For May and Ryan, the decision-making process for this year’s teams will not be as demanding as it will be for other coaches who have essentially entire rosters to fill out. May’s squad, the U-16 girls, has a core group of players moving up together who are expected to play important roles with the team. Ryan’s group is actually three squads, a red team, a black team and a white team, listed in order from highest to lowest in rank, which means Ryan and the rest of the coaching staff will get to keep about 80 percent of the tryout participants on one of the teams.

“Going into their sophomore year in high school, to have three competitive teams in this age group is great,” said Ryan. “It means a lot of kids are playing soccer and we have a lot of great players in our program.”

At Monday’s tryout session, the U-16 boys took up two of the six soccer fields at Phillip A. Bolen Park in Leesburg, Va. with free-flowing, full-sided scrimmages and still had players waiting to be rotated in.
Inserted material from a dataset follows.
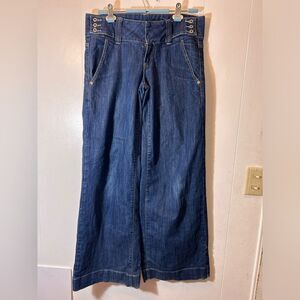 Farlow jeans size 11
Despite the whirlwind around them, Ryan and his three- to four-man coaching staff were turning back and forth between the two fields and still managing to keep tabs on every player on the pitches.

“A lot of people might look at us and say, ‘Wow, what are they doing?’ But there is a method to the madness,” explained Ryan. “The players that are currently on the rosters are being evaluated year-round, so we know a lot of our own players. The biggest challenge is looking at the kids that we aren’t familiar with, trying to get a good handle on those players as quickly as possible within the mix of the players we currently have. We are organized in everything and we’re trying to see players and give them the best opportunity to try and show themselves.”

The main goal of Ryan and the rest of Loudoun’s staff is not just to build the best teams in a competitive sense, but also to make sure every player in the program is in the best place for their individual needs. They believe that if they treat the needs of the kids with the same level of importance as the teams’ success, the two will go hand in hand. The organization has set lofty goals, like sending at least three teams from the younger age groups to the final four in the Virginia State Cup next spring, and the increasing number of Loudoun products continuing their soccer careers at strong college programs suggests that player development is on track as well.

And it all starts with an acute attention to detail in the tryouts process.